Let's load the truth and compare.

In [13]:
df_truth = CSV.read("iris-species.csv")
first(df_truth, 5)
Out[13]:

5 rows × 2 columns

IdSpecies
Int64String
11Iris-setosa
22Iris-setosa
33Iris-setosa
44Iris-setosa
55Iris-setosa

The species are:

In [14]:
species = df_truth[:,:Species]
unique(species)
Out[14]:
3-element Array{String,1}:
 "Iris-setosa"
 "Iris-versicolor"
 "Iris-virginica"

To plot the outcome, we rename the species arbitrarily as $1$, $2$, and $3$ using a dictionary.

In [15]:
species2number = Dict("Iris-setosa"=>1, "Iris-versicolor"=>2, "Iris-virginica"=>3)
truth = map(i -> get(species2number,i,0), species)
ptruth = scatter(X[:,1], X[:,2], 
    marker_z=assign, legend=false, seriescolor=:lightrainbow, title="truth")
plot(ptruth, p3clust, layout=(1,2), size=(750,375))
Out[15]:

This time we get a perfect outcome...

Determining the appropriate number of clusters is not a straighforward problem. To quote Wikipedia:

The correct choice of $k$ is often ambiguous, with interpretations depending on the shape and scale of the distribution of points in a data set and the desired clustering resolution of the user.

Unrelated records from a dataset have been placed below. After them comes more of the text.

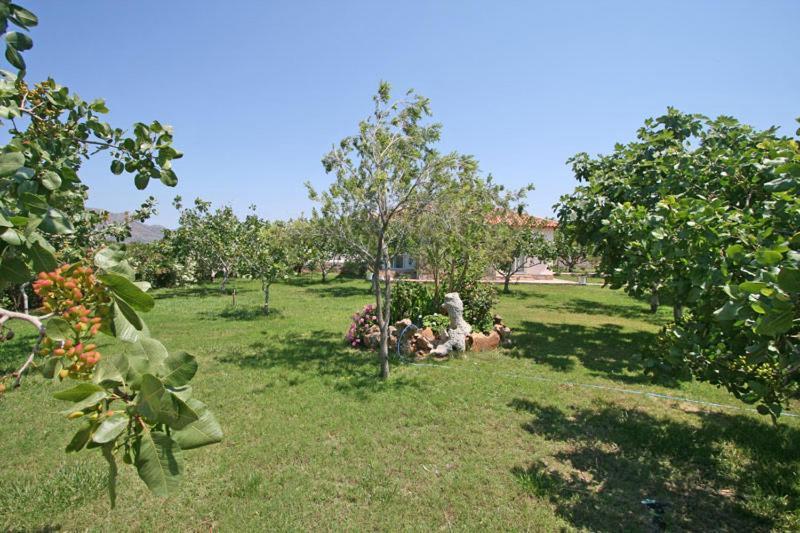 Villa Eleana 干尼亞 外观 照片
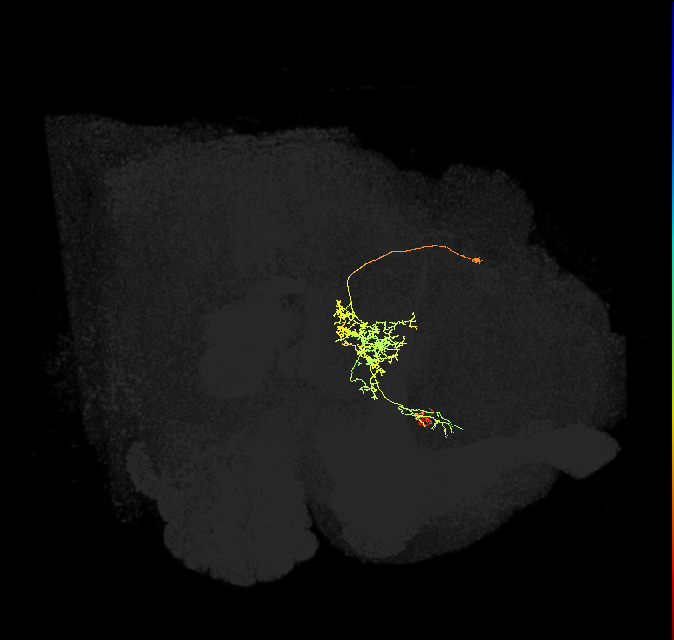 FS1B(FQ9)_C2_L (FlyEM-HB:983767602)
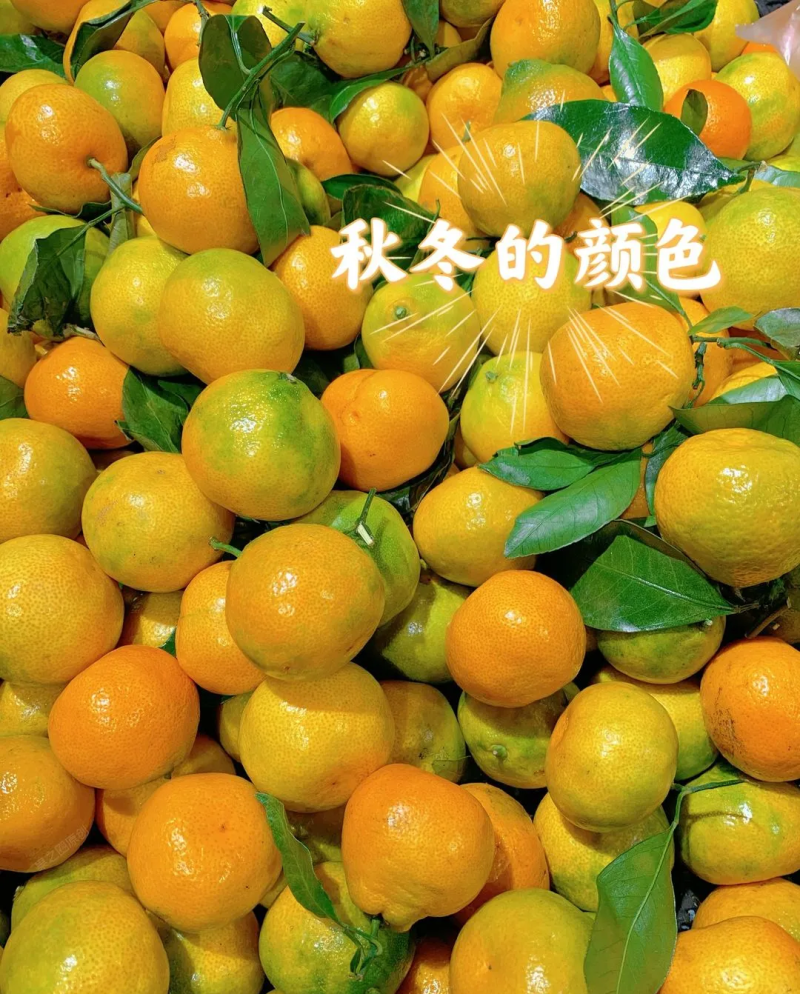 秋天的第一个蜜桔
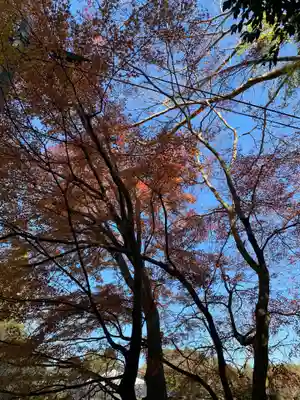 弥喜用神社の自然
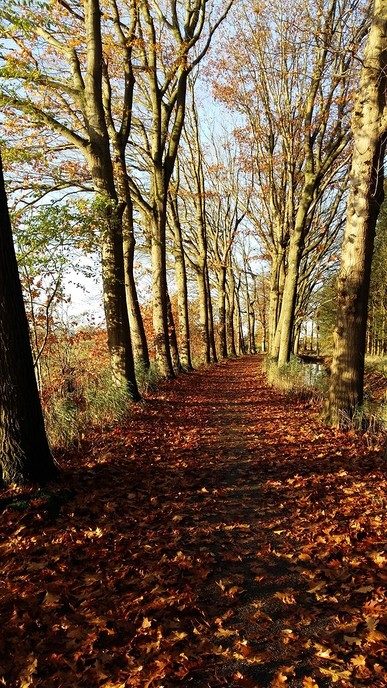 Met mooi weer: even de Horte op - Foto: Ingezonden foto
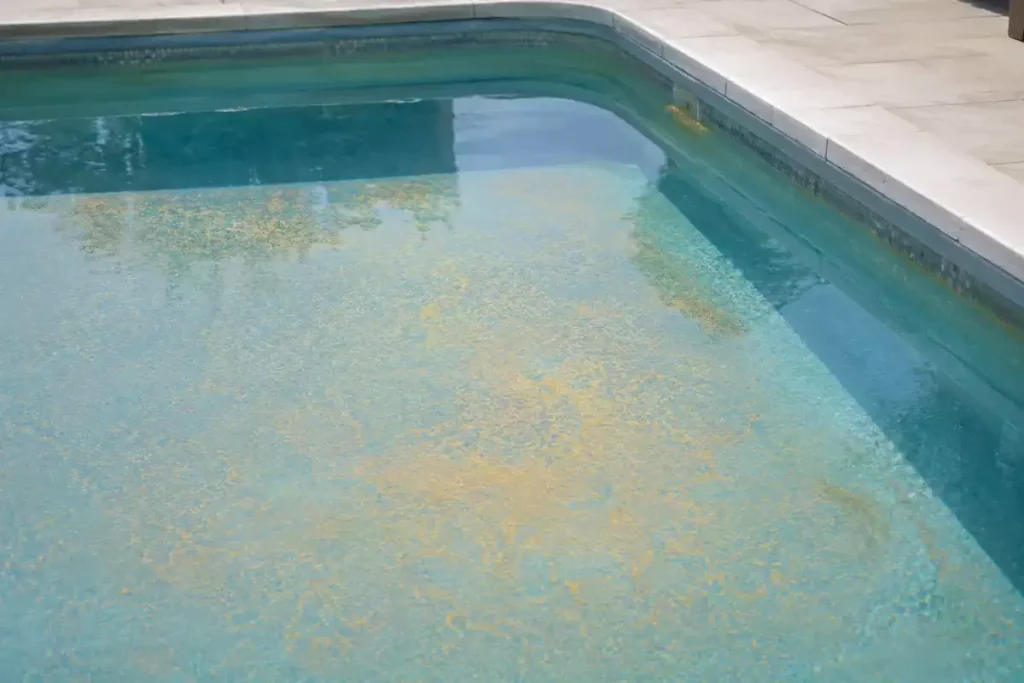 piscine algue moutarde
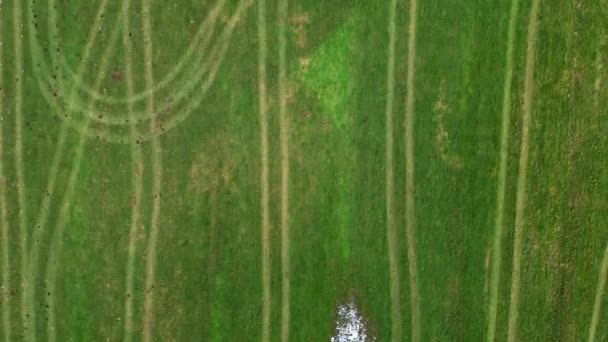 从上面看带有拖拉机和农业机械轮胎痕迹的田野 — 图库视频影像
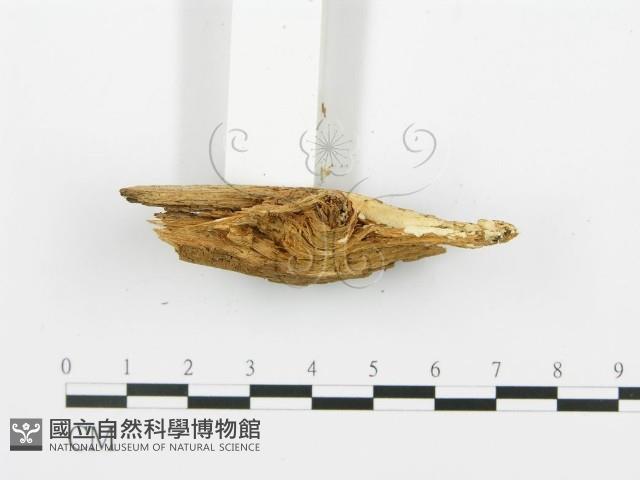 登錄號:F0009555藏品圖，第3張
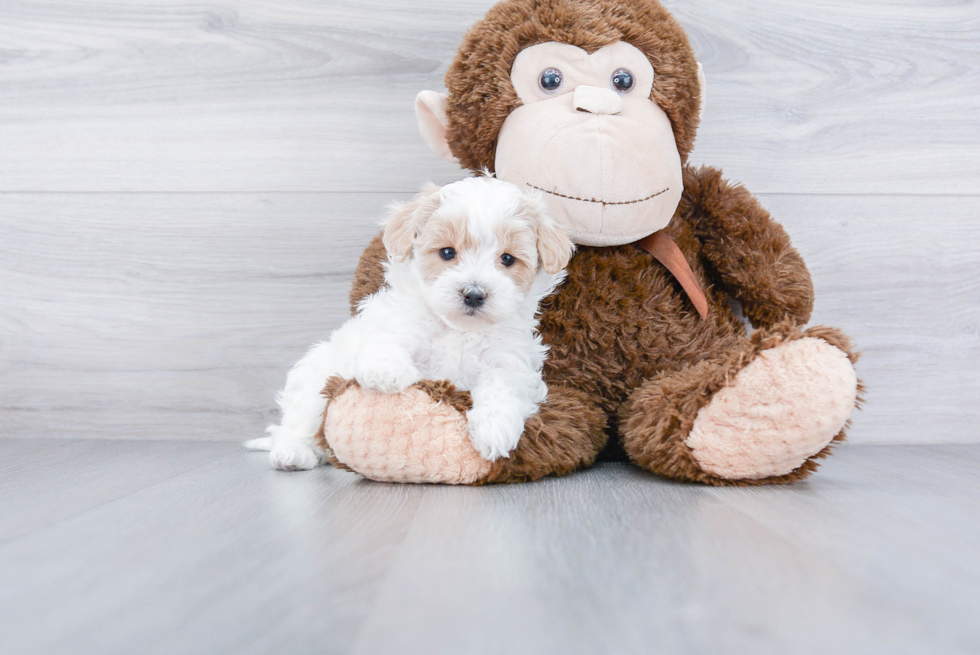 Maltipoo Pup Being Cute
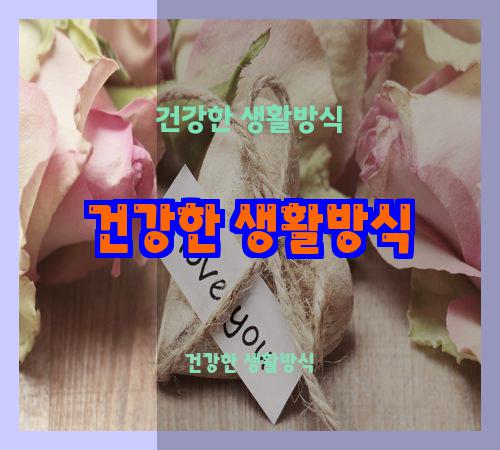 건강한 생활방식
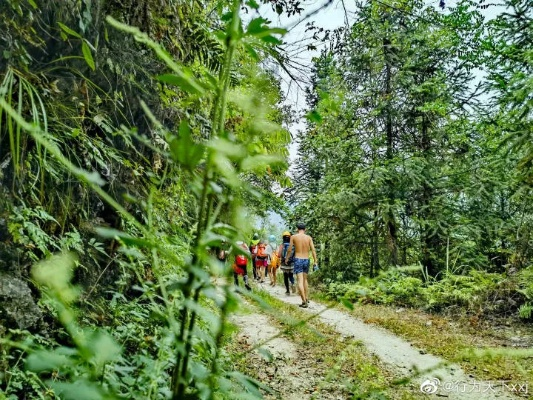 农村小鹏与百度的深山奇遇，探索之旅的奇妙邂逅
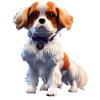 Cavalier King Charles Dog - Cavalier King Charles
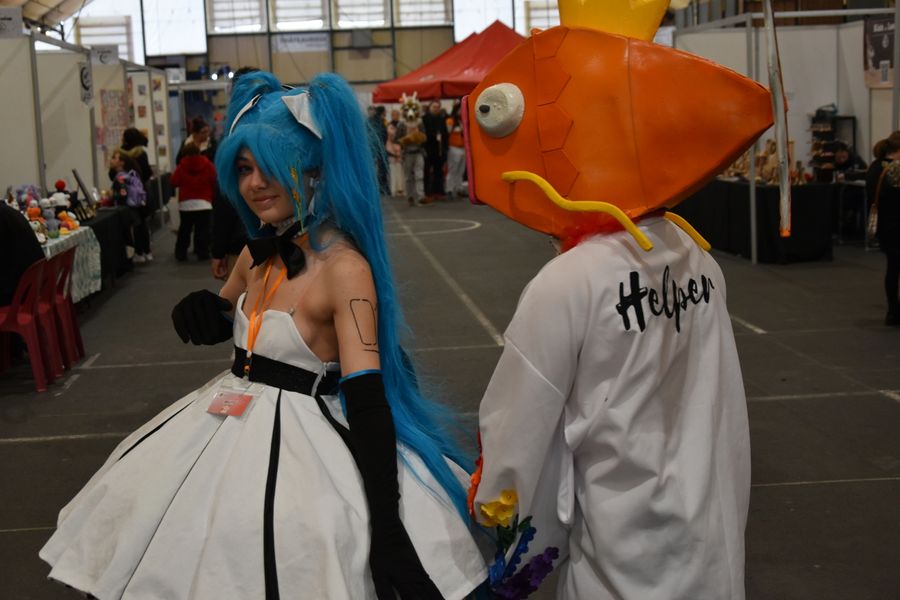 Phoenixas - Japan Chateauroux 1
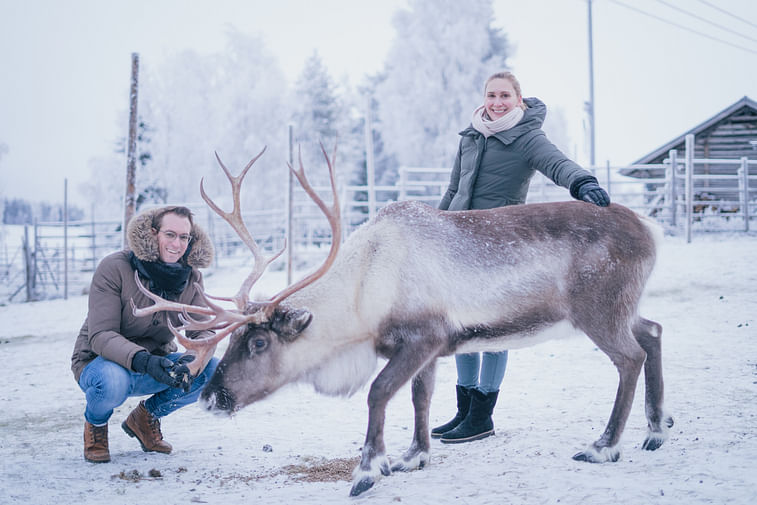 Reindeer Farm Visit With Photos - Visit Rovaniemi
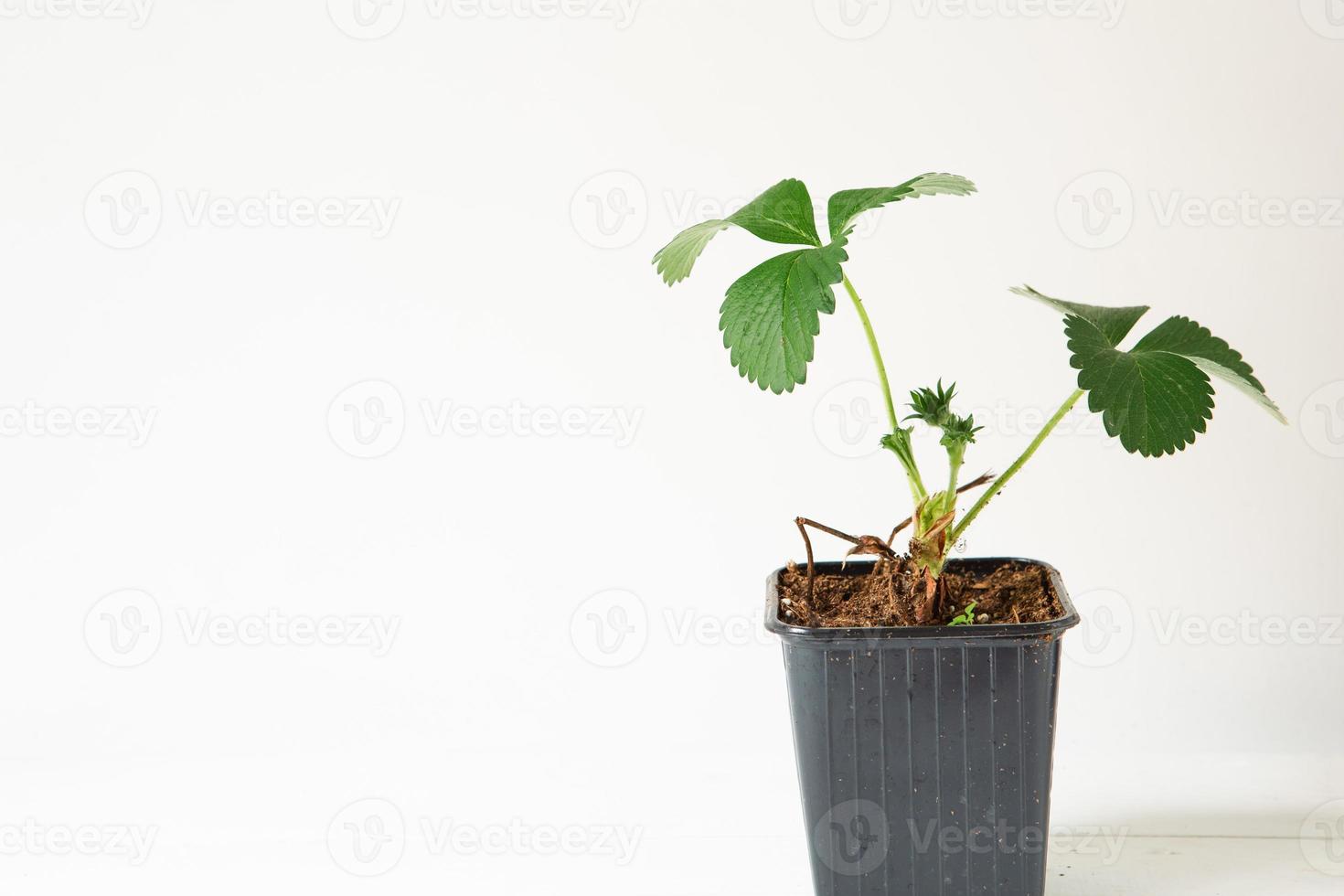 Strawberry seedlings in black glasses on the table on a gray background. Preparation for planting, growing natural berries in the garden. photo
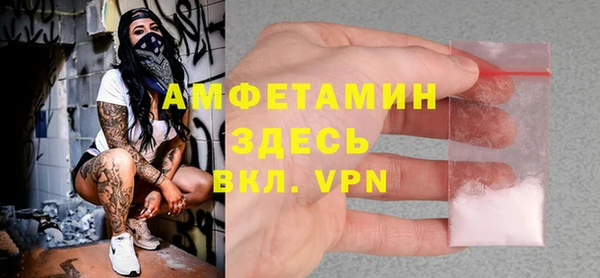 молекула духа Новозыбков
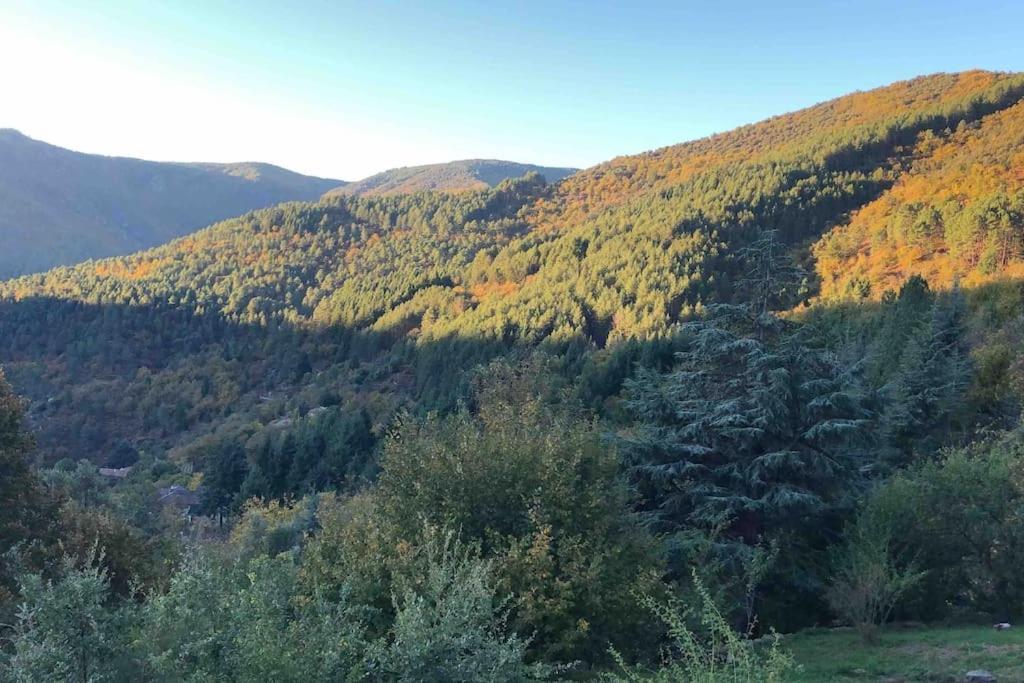 Maison Rurale Au Coeur Des Cevennes Ardechoises Dompnac Ngoại thất bức ảnh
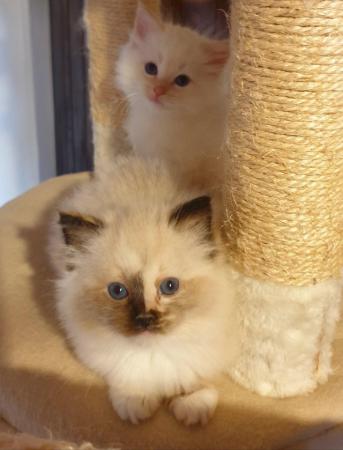 Image 6 of Pure bred Ragdoll Kittens Seal Tortie girl/Apricot cream boy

In addition, increasing $k$ without penalty will always reduce the amount of error in the resulting clustering, to the extreme case of zero error if each data point is considered its own cluster (i.e., when $k$ equals the number of data points, $n$). Intuitively then, the optimal choice of $k$ will strike a balance between maximum compression of the data using a single cluster, and maximum accuracy by assigning each data point to its own cluster. If an appropriate value of $k$ is not apparent from prior knowledge of the properties of the data set, it must be chosen somehow. There are several categories of methods for making this decision.

In practice, several heuristic approaches are in use. Other approaches to clustering, e.g. DBSCAN and hierarchical clustering, do not require a number of clusters as input.